Druidism does not work: example N

April 19, 2009 in Daybook by pukeko

I can clearly recall the enviromentalists arguing against hydro power in my youth, and in the last year they have argued against wind power (in Otago) and are starting to argue against more dams..

I think the greens function as druids, but are not prepared to think through the theology of this. The Druids subsumed all to nature — to the point of bonefires. It takes talent and practice to habitually disgust the Romans… who exterminated this religion because of the evil they saw it doing.

We live in an energy hungry world. We are moving from fossil fuel to solar/wind/hydro: this is doable if (like in the US) you exploit your deserts. There will be a cost: here always is.

The SunZia transmission line that would link sun and wind power from central New Mexico with cities in Arizona is just the sort of energy project an environmentalist could love — or hate. And it is just the sort of line the Interior Department has been tasked with promoting — or guarding against.

If built, the 460-mile line would carry about 3,000 megawatts of power, enough to avoid the need for a handful of coal-fired plants and to help utilities meet mandated targets for use of renewable fuel. “We have to connect the sun of the deserts and the winds of the plains to places where people live,” Interior Secretary Ken Salazar said recently.

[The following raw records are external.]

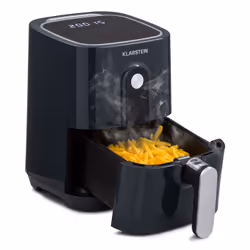 Klarstein 10040698, Friteuse d’air chaud, 2,8 L, 80 °C, 200 °C, 2 personne(s), 60 min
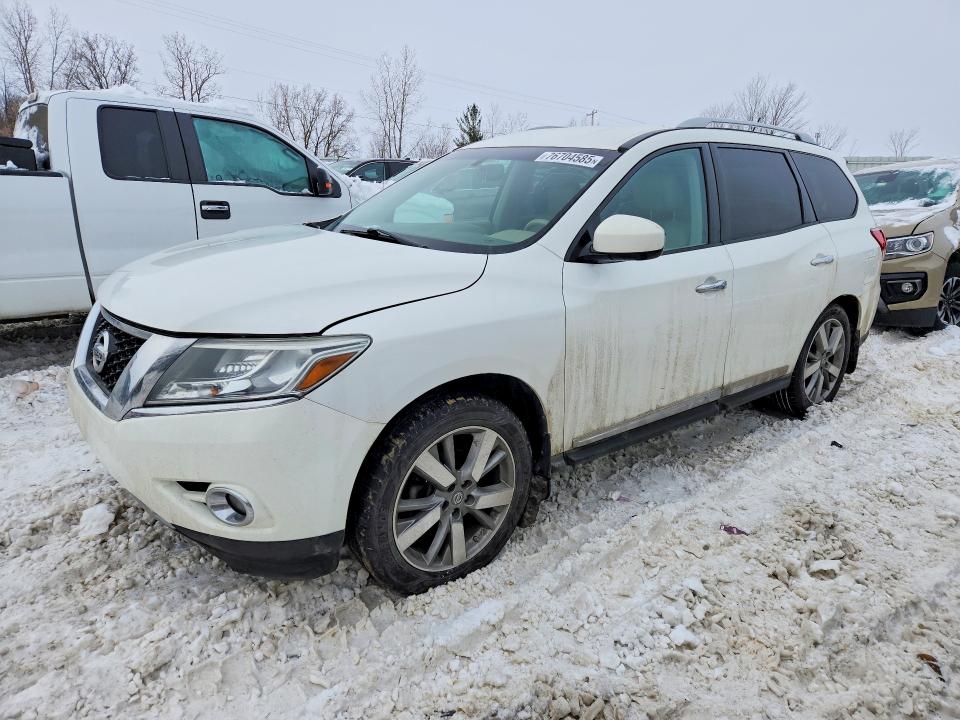 76704585 :رقم المزاد ، 5N1AR2MM4DC661484 vin ، 2013 Nissan Pathfinder مزاد بيع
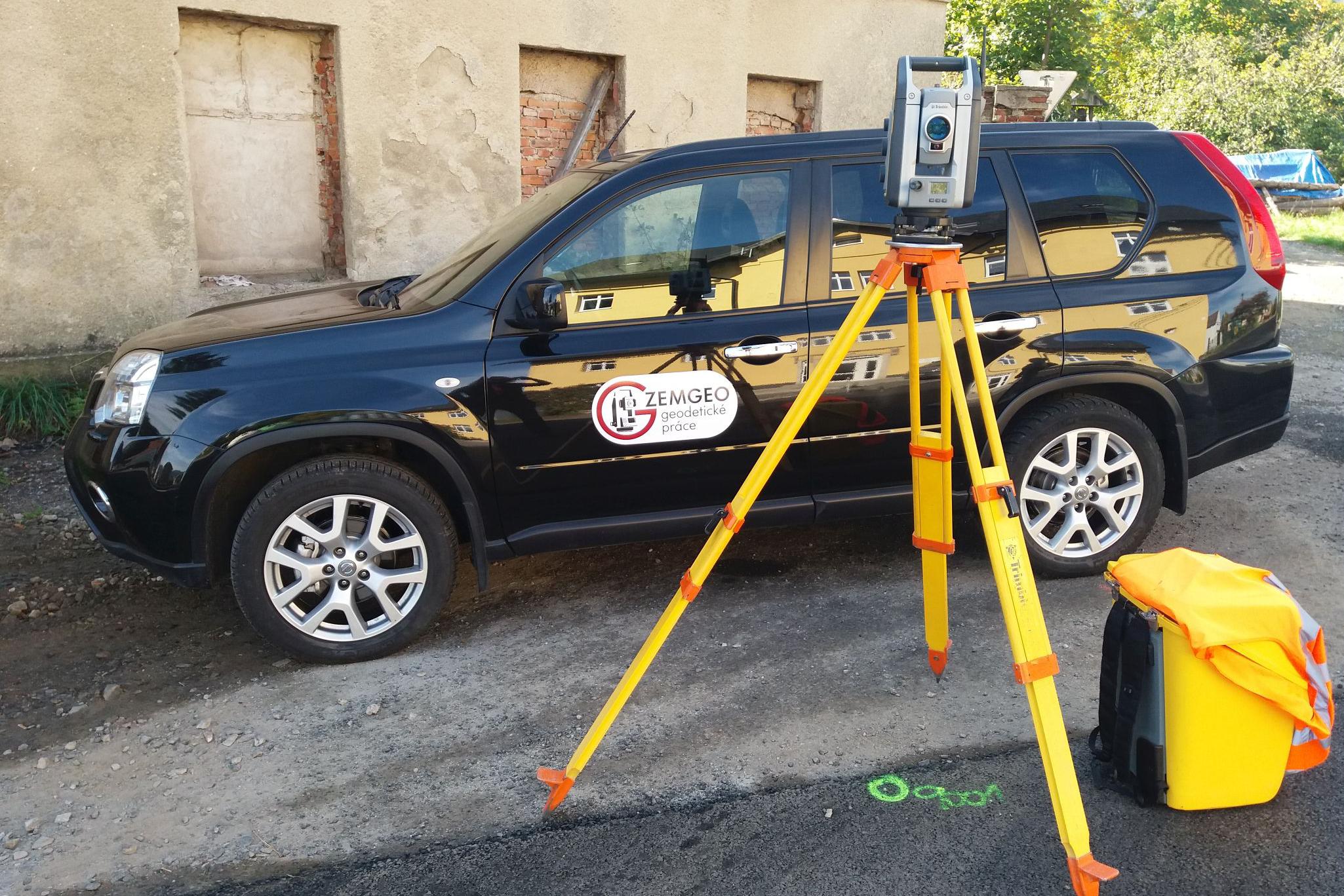 Ing.Jana Zemanová - Geodetické práce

But the line would also cross grasslands, skirt two national wildlife refuges and traverse the Rio Grande, all habitat areas rich in wildlife. The graceful sandhill crane, for example, makes its winter home in the wetlands of New Mexico’s Bosque del Apache National Wildlife Refuge, right next to the path of the proposed power line. And much of the area falls under the protection of the Interior Department’s Bureau of Land Management (BLM).

via Renewable Energy’s Environmental Paradox – washingtonpost.com.

Now if you think that this is too much, can I suggest you choose to live a neolithic lifestyle, and accept the drudgery, the sexual dimorphism in tasks, the maternal and child death rate, and the shortened life this entails. I prefer to live in the 21st century.